Conselho de Direitos Humanos. Foto: ONU/Jean-Marc Ferré

Eleutério Guevane, da Rádio ONU em Nova Iorque.

O alto comissário da ONU para os Direitos Humanos disse estar preocupado com a pena de morte imposta a centenas de pessoas em julgamentos em massa realizados “sem garantias processuais adequadas” no Egito.

Falando no Conselho de Direitos Humanos, Zeid Al Hussein afirmou que sete pessoas foram mortas após veredictos desde março passado. O discurso do chefe dos Direitos Humanos abriu a 29ª. sessão do órgão, em Genebra.

Centros

Zeid disse que é momento de impor uma moratória sobre a pena de morte no país. Ele também citou relatos de tortura em centros de interrogação e exortou às autoridades a “investigar minuciosamente as alegações”, com medidas adequadas.

O alto comissário declarou que deve-se acabar com as detenções e julgamentos em massa, além de libertar todos os detidos em conexão com protestos pacíficos.

Estado de Direito

O representante afirmou que é importante ter em conta que os esforços de combate ao terrorismo não darão frutos até a tomada de medidas para abordar queixas socioeconómicas, para reforçar a boa governação e para promover o Estado de direito e os direitos humanos.

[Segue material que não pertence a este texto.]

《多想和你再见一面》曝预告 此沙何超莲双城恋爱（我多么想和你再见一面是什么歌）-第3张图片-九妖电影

Ele disse que a riqueza da cultura do Egito é ameaçada quando a sociedade civil e os defensores dos direitos humanos estão sob ataque.

Migração

O responsável mencionou a situação dos migrantes que seguem em direção à Europa, ao declarar que o fenómeno é um sintoma que tem como causa o desespero.

Zeid reiterou que a turbulência política, a repressão, a violência e a guerra tornaram-se tão generalizadas que levaram milhões de pessoas a arriscar as suas vidas em busca de relativa segurança.

Zona de Conflito

O discurso abordou também o conflito na Síria, que segundo a ONU já fez 220 mil mortos. O alto comissário disse que 7 milhões de pessoas fugiram das suas casas e outros 4 milhões deixaram o país, que tornou-se “uma zona de conflito”.

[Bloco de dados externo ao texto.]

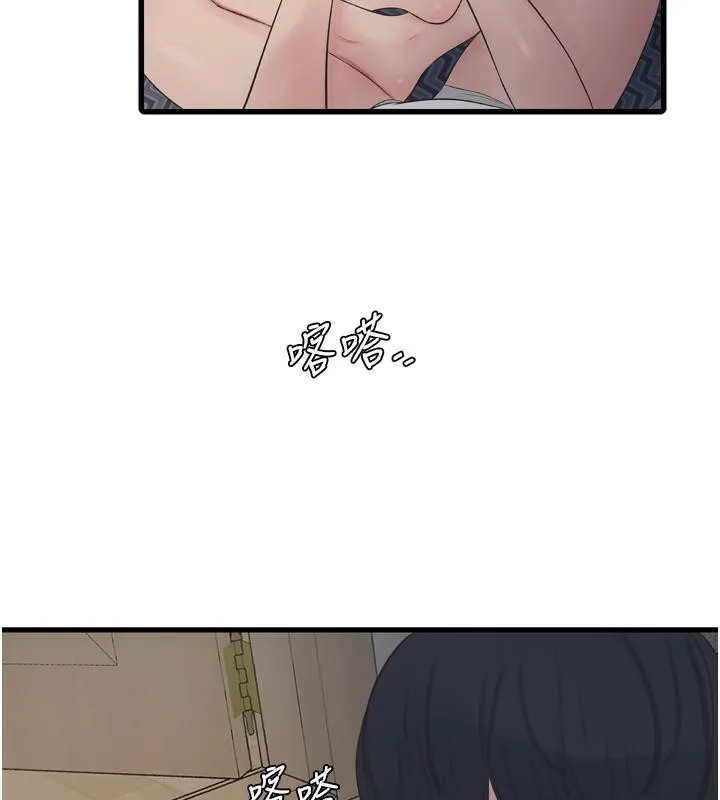 水电工日誌 - 第71話-要不要進來陪我? - page 67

Em todo o território, três em cada quatro sírios vivem na pobreza e metade das crianças não têm educação, nutrição e aquecimento adequados.

Isil no Iraque

A situação do Iraque foi mencionada no pronunciamento, que condenou a ação do autoproclamado Estado Islâmico do Iraque e do Levante, Isil.  Zeid defendeu que o grupo continua a cometer os mais desprezíveis abusos.

Para o alto comissário é “vergonhoso” que mais de metade da ajuda humanitária levada a cerca de 8 milhões de pessoas em operações da ONU pode ser cortada poderão muito em breve, porque os Estados não vai financiá-la.

As crises na Líbia, no Iémen também mereceram atenção do chefe dos direitos humanos. Em relação ao continente africano, Zeid mencionou os ataques das milícias nigerianas Boko Haram, as crises na República Centro-Africana, no Burundi e na Eritreia.